**Material for the task**
§ §
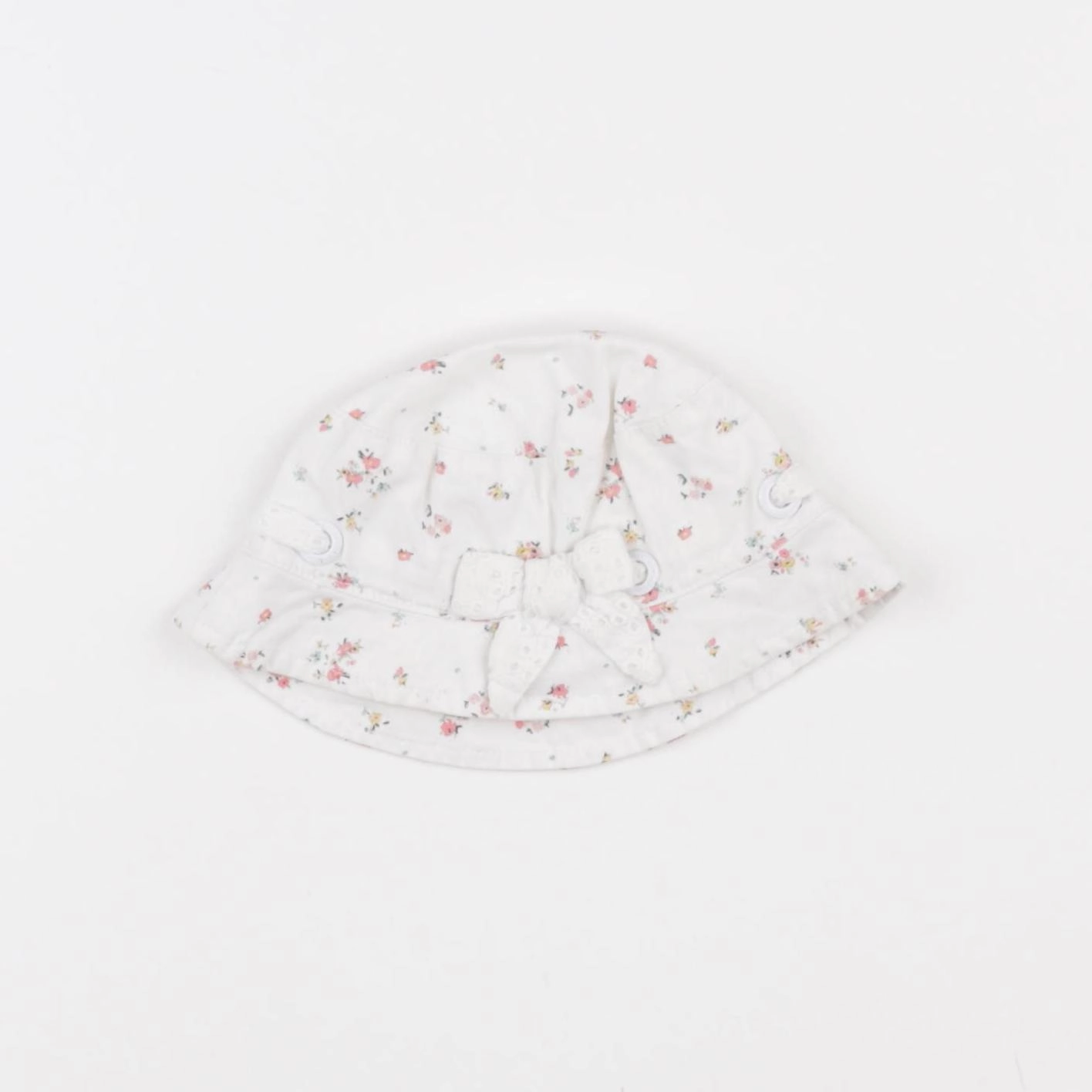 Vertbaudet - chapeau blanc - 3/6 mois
§ §
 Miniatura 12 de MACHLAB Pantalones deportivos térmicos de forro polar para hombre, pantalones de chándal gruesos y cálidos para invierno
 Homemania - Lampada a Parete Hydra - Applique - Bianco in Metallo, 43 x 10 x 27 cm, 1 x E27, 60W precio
§ §
**Exercise description**
Given the data above, transcribe exactly the lines from the one containing "Miniatura 12 de" down to the one containing "Homemania - Lampada", and no others.

**Written reply**
 Miniatura 12 de MACHLAB Pantalones deportivos térmicos de forro polar para hombre, pantalones de chándal gruesos y cálidos para invierno
 Homemania - Lampada a Parete Hydra - Applique - Bianco in Metallo, 43 x 10 x 27 cm, 1 x E27, 60W precio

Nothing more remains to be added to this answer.